YOUR GOAL:
Where does the string "tree" appear in the listing below? Copy every line where it does.

PROVIDED INFORMATION:
= Beginning of Section =

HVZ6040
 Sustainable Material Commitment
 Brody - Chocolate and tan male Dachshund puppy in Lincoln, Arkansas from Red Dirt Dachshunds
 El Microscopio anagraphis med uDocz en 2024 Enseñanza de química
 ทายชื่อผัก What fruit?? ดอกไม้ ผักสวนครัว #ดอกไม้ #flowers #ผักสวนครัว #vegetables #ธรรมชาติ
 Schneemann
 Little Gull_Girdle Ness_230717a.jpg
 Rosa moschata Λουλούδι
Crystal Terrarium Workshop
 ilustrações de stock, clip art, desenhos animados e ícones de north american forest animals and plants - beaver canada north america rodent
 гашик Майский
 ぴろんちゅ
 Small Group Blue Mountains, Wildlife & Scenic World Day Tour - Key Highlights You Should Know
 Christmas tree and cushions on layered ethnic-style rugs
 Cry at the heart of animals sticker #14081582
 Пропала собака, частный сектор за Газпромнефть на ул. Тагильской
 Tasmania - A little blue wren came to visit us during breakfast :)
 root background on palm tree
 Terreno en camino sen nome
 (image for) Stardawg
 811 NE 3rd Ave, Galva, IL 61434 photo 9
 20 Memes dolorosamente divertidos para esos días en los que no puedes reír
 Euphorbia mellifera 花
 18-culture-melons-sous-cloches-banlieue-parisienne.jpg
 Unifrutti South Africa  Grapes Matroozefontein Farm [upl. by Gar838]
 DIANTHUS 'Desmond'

= End of Section =

RESULT BELOW:
 Christmas tree and cushions on layered ethnic-style rugs
 root background on palm tree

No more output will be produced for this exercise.